Bugün, 4 Eylül, Prof. Dr. Ömer Alptekin Hocamızın doğum günü. Bu özel gün vesilesiyle, onunla geçirdiğimiz anıları ve jeofizik alanındaki büyük katkılarını anımsamak istedim. TMMOB Jeofizik Mühendisleri Odası İstanbul Şube Yönetimi olarak, kendisinden talep ettiğimiz ilk akademik etkinlikte yanımızdaydı ve Türkiye'de ve dünyada jeofiziğin geçmişinden geleceğine kadar büyük bir ufuk turu yapmamıza neden oldu (Telford, Geldart, & Sheriff, 1990).

4 Eylül 2012 Tarihli Seminer Anısı

Prof. Dr. Ömer Alptekin Hocamızın seminer notları üzerinde çalışmayı tamamladım ve bu notları derleyip, yeniden blog formatına uygun hale getirdim. Bu yazıyı, hocamıza doğum gününde bir armağan olarak sunmak istedim. Ona, bu özel gününde mutlu yıllar dilerim. Emekleri için içten şükranlarımı sunarım. Hocam, mutlu yıllar! Doğum gününüz kutlu olsun. İyi ki varsınız!

Jeofiziğin sırlarını araştıranlar için en tanıdık isimlerden biri kuşkusuz Prof. Dr. Ömer Alptekin'dir (Schmidt & Hurst, 2004). Türkiye'nin, hatta dünyanın dört bir yanında jeofiziğin ve sismolojinin gelişimine katkıda bulunan bu öncü bilim insanının yolculuğunu takip ederken, dünyanın derinliklerindeki gizemleri keşfetmenin heyecanına ortak oluyoruz. Meslek hayatına Türkiye'nin güzel kentlerinden Trabzon'da başlayan Alptekin, uzun ve zorlu yılların ardından eğitim ve öğretime de adım attı. 2006 yılında İstanbul Üniversitesi'nden emekliye ayrılana kadar olan sürecinde, 1987-2006 yıllarında bu üniversitedeki çalışmalarıyla sektöre damga vurdu. Ancak emekli olmasına rağmen bilime olan katkıları ve Kandilli Rasathanesi'ne olan ziyaretleri hala devam ediyor. Prof. Dr. Ömer Alptekin'in jeofiziğin tarihine yaptığı katkılar paha biçilemezdir; bu katkılar, 2012 yılında TMMOB Jeofizik Mühendisliği Odası İstanbul Şubesi tarafından düzenlenen "Jeofiziğin Dünü ve Yarını" konulu seminerde de vurgulanmıştır.

Siz de bu blogda, jeofiziğin tarihine dair bilgilenirken, Alptekin'in izinden dünyanın gizemlerine bir seyahate çıkmaya hazır mısınız?
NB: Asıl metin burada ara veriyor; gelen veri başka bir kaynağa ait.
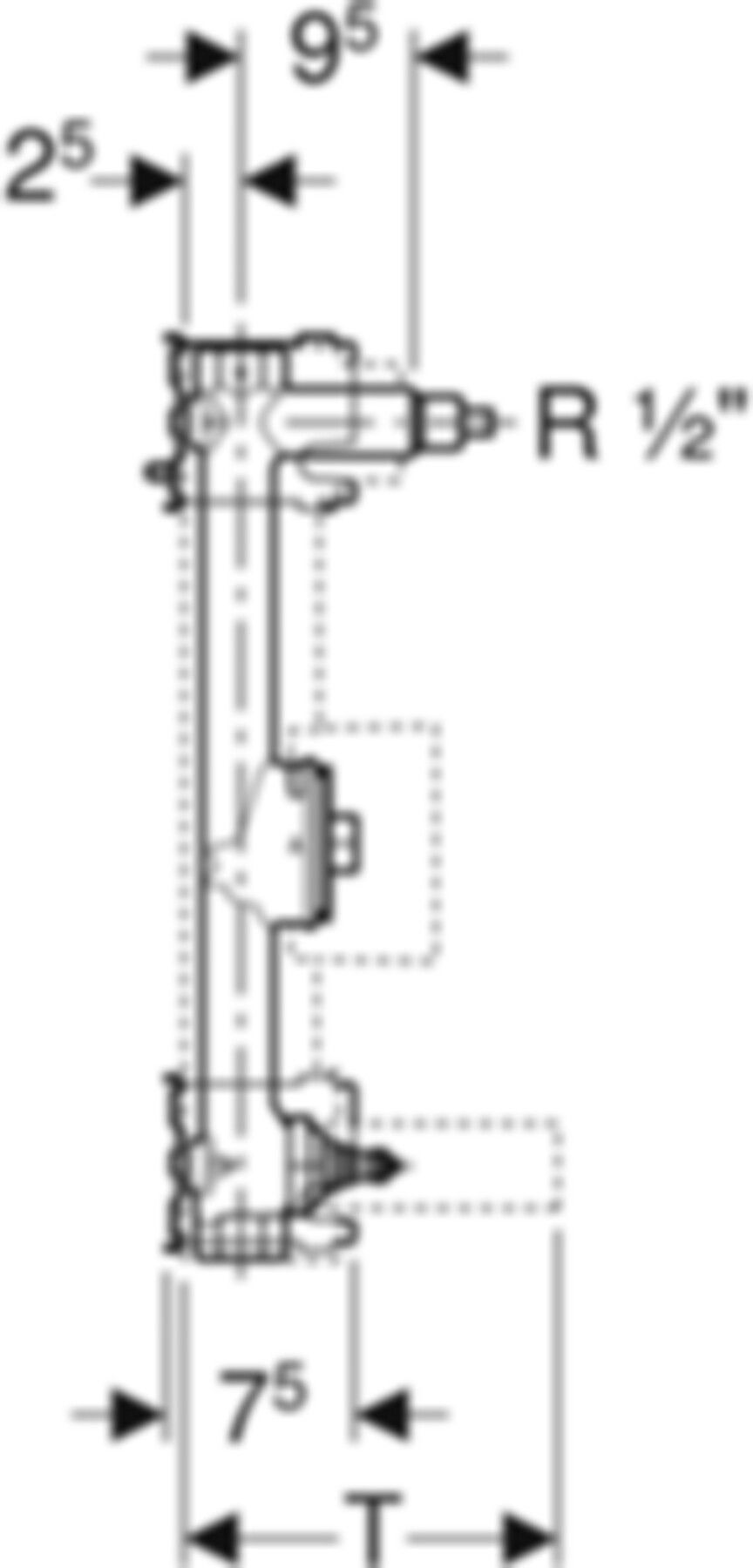 GIS-Waschtisch-Set Standarm.461.154.00.1 eine Wasserzählerstrecke mit UP-Ventil - Geberit Systemventile / Armaturen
Okurlar İçin Temel Referanslar

  • Baker, J. W., & Cornell, C. A. (2006). Advances in Seismology and Earthquake Engineering. Earthquake Engineering Research Institute.
  • Kramer, S. L. (1996). Geotechnical Earthquake Engineering. Prentice Hall.
  • Schmidt, S. R., & Hurst, W. J. (2004). The role of geophysics in natural hazards assessment. Natural Hazards Review, 5(3), 105-112.
  • Stein, S., & Wysession, M. (2003). An Introduction to Seismology, Earthquakes, and Earth Structure. Blackwell Publishing.
  • Telford, W. M., Geldart, L. P., & Sheriff, R. E. (1990). Applied Geophysics. Cambridge University Press.


ÖZET

Jeofiziğin tarihi, iki belirgin dönemi kapsar: klasik ve gözlemsel dönem ile aletsel ve analitik dönem. Klasik dönem, insanların doğaya olan merakları ve bilimsel gelişmelere duydukları ilgiyle şekillenmiştir. M.Ö. 240 civarında Eratosthenes, güneş ışınlarının geometrisini kullanarak Dünya'nın çevresini ölçmüştür. Bu dönemde Aristoteles'in "Meteoroloji" eseri, depremler hakkında bilgiler sunmaktadır. Ayrıca, Aristo ve Strabon gibi düşünürler, med-cezir gibi doğal olayları gözlemlemişlerdir. Ancak, bu dönemde depremler ile volkanik faaliyetler arasında doğrudan bir bağlantı kurulamamıştır.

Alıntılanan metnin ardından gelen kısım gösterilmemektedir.